China’s Real Estate Sector Faces Two Directions, Former Advisor to People’s Bank of China Says
- Advertisement -
The State of China’s Real Estate Sector and its Future Outlook
- Advertisement -
Introduction
China’s real estate sector is currently experiencing a divergence in performance, facing challenges despite anticipated government support. According to a former advisor to the People’s Bank of China, Li Daokui, the recovery of the sector is unlikely to happen in the near future.
Li Daokui, who is now a professor of economics at Tsinghua University, stated that “the property market right now in China is actually two-fold. It’s actually going into two directions.”
Recent debt troubles faced by property giants Evergrande and Country Garden have greatly affected consumer confidence in real estate companies, leading to a rocky period for China’s property market. In July, China’s house prices experienced a decline of 0.1% year-on-year, after a brief recovery in May and a stagnant phase in June.
Li Daokui emphasized that the policy response from Beijing should be more decisive. However, he noted that many policy discussions are happening behind the scenes. He predicted that in the next two months, numerous policies will be implemented to stabilize the finances of major property developers and dispel any financial panic.
A Tale of Two Property Markets
Li Daokui highlighted the non-uniform nature of China’s property market slowdown. He stated, “In the largest cities, like Beijing and Shanghai, good properties and relatively large apartments are being sold at a much faster pace than before.”
However, sales are declining in the third- and fourth-tier cities. Li Daokui explained that while there is still ample liquidity among high-income individuals, those earning a moderate salary are more hesitant to make purchases. He expects property sales to recover in the next six to 12 months in these lower-tier cities, especially for smaller apartments. Therefore, there will be a few more months of recovery for the overall property market.
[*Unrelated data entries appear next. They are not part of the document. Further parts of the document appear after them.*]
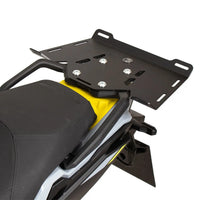 hepco becker enlargement rear rack suzuki v strom 800 de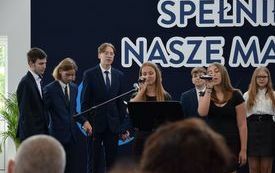 otwarcie sali gimnastycznej w Noskowie 8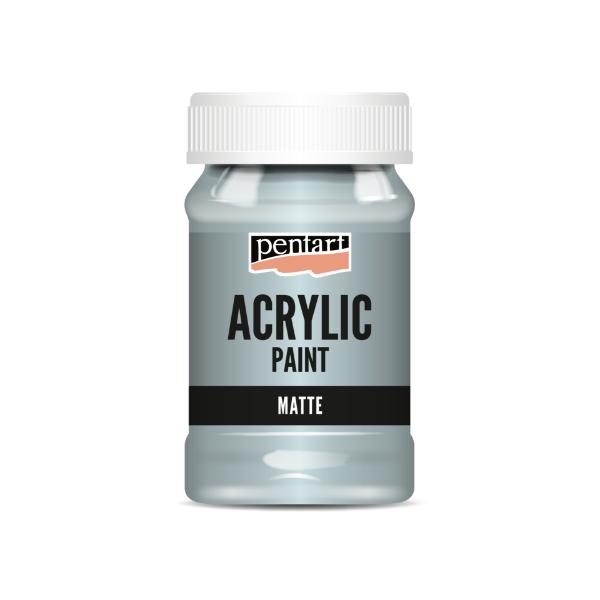 Acrylic Paint Matte 100ml Ice Blue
To support the housing market, Beijing has recently taken measures such as reducing loan interest rates and easing purchase and sale restrictions.
“So any possibility of financial panic should be and will be dispelled.”
– Li Daokui, Professor of Economics, Tsinghua University
On Wednesday, China’s state-owned Securities Times published a commentary urging the removal of policies that restrict property purchases in cities beyond the top tier. The commentary argued that these policies, initially implemented to curb speculation, are no longer appropriate given the changing demand-supply dynamics in the property market. It emphasized the need for increased policy support to boost sales and release suppressed demand caused by rigid housing policies.